Dış siyaset alanında da Başkanın önemli yetkileri vardır. Amerikan diplomasisinin şefi olup önemli kararları bizzat kendisi almaktadır. Diplomatik ilişkilerin sevk ve idaresinde, dış işleri bakanı tarafından yardım görüyorsa da elçileri ve konsolosları bizzat kendisi atamaktadır. Devletleri tanıyabildiği gibi, anlaşmaları görüşerek, daha sonra Senato tarafından onaylanması kaydıyla imzalayabilmektedir. Bazı alanlarda, ikili anlaşmalar şeklinde kararnamelerle ilişkileri devam ettirebilmektedir (Çam, 2000:107).

Bu görev ve yetkilerinin dışında Başkan, “İmpeachment” tan mahkûm olanlar hariç, federal yasalardan dolayı hüküm giymiş bir suçluyu şartlı ya da şartsız affedebilir (Parsak, 2012).
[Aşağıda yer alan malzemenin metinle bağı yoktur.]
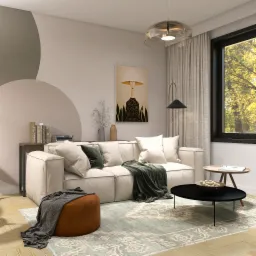 Jasny salon z kremową sofą modułową, okrągłym pufem z narzuconym szarym pledem, czarnym stolikiem kawowym z owocami, dywanem w pastelowe wzory, lampą podłogową i obrazem kobiety w kapeluszu...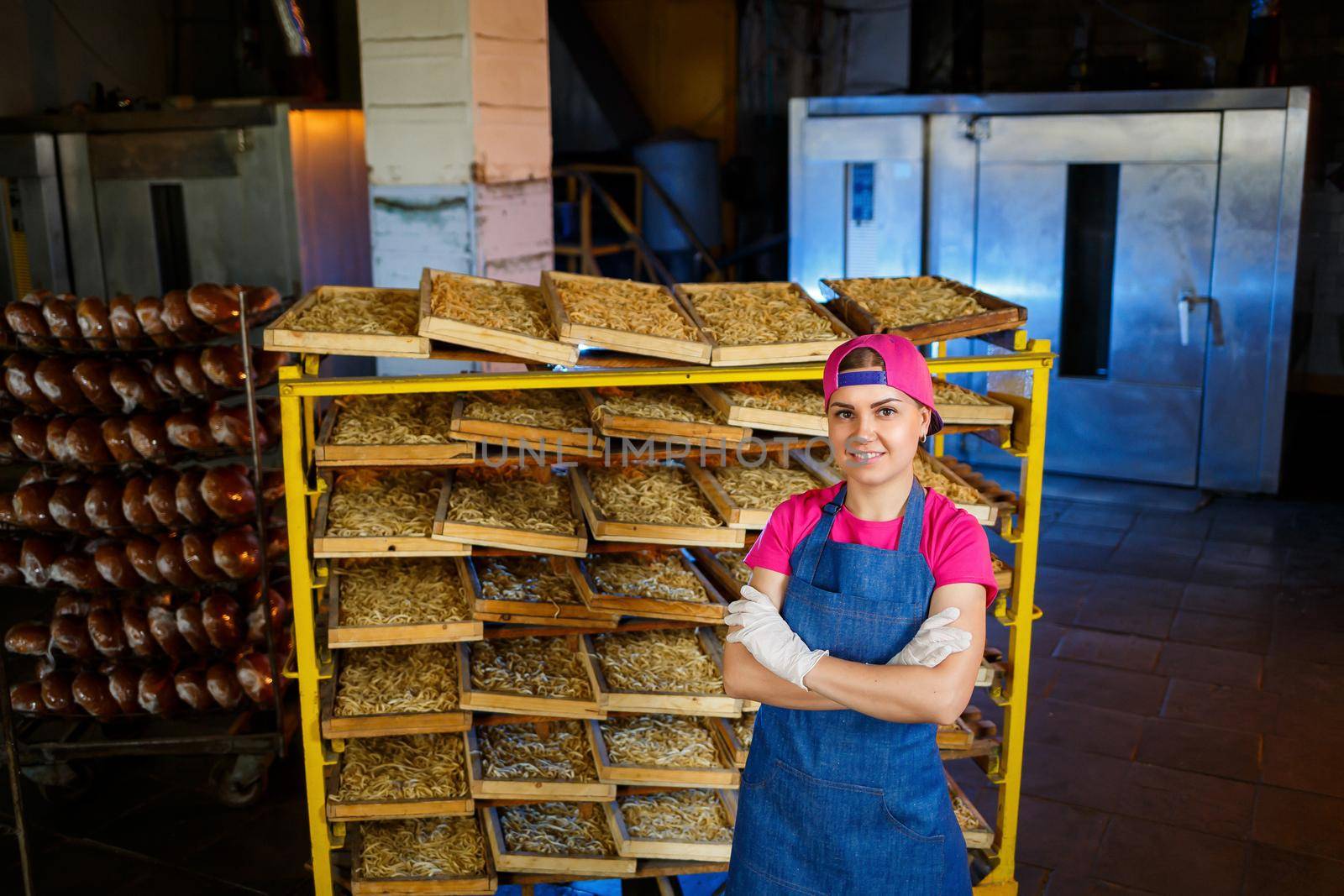 Worker with a box of pasta. The girl works on the production of spaghetti. Making noodles. Pasta factory.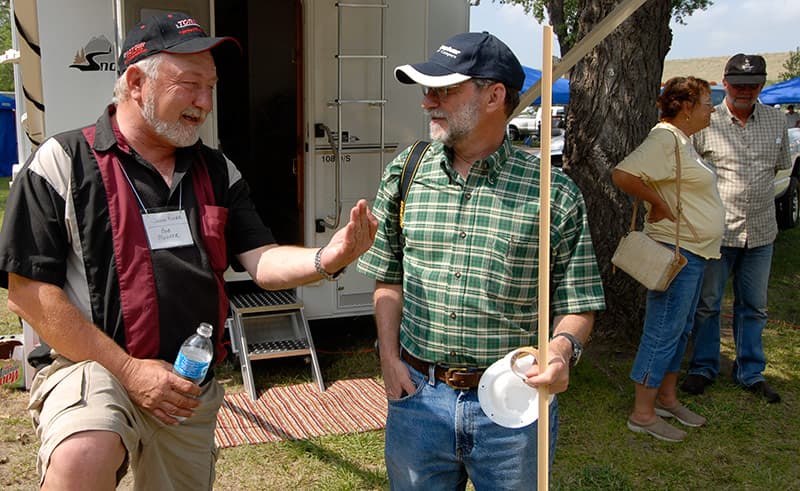 Bob Mehrer talking to an attendee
Başkan, yasaların uygulanmasını gözetir, olağanüstü hallerde her iki meclisi, ya da bunlardan herhangi birini, toplantıya çağırabilir ve tatile girme konusunda aralarında bir anlaşmazlık olduğunda, uygun olduğunu düşündüğü bir tarihe kadar onları tatil edebilir (Altunok, 2015: 82).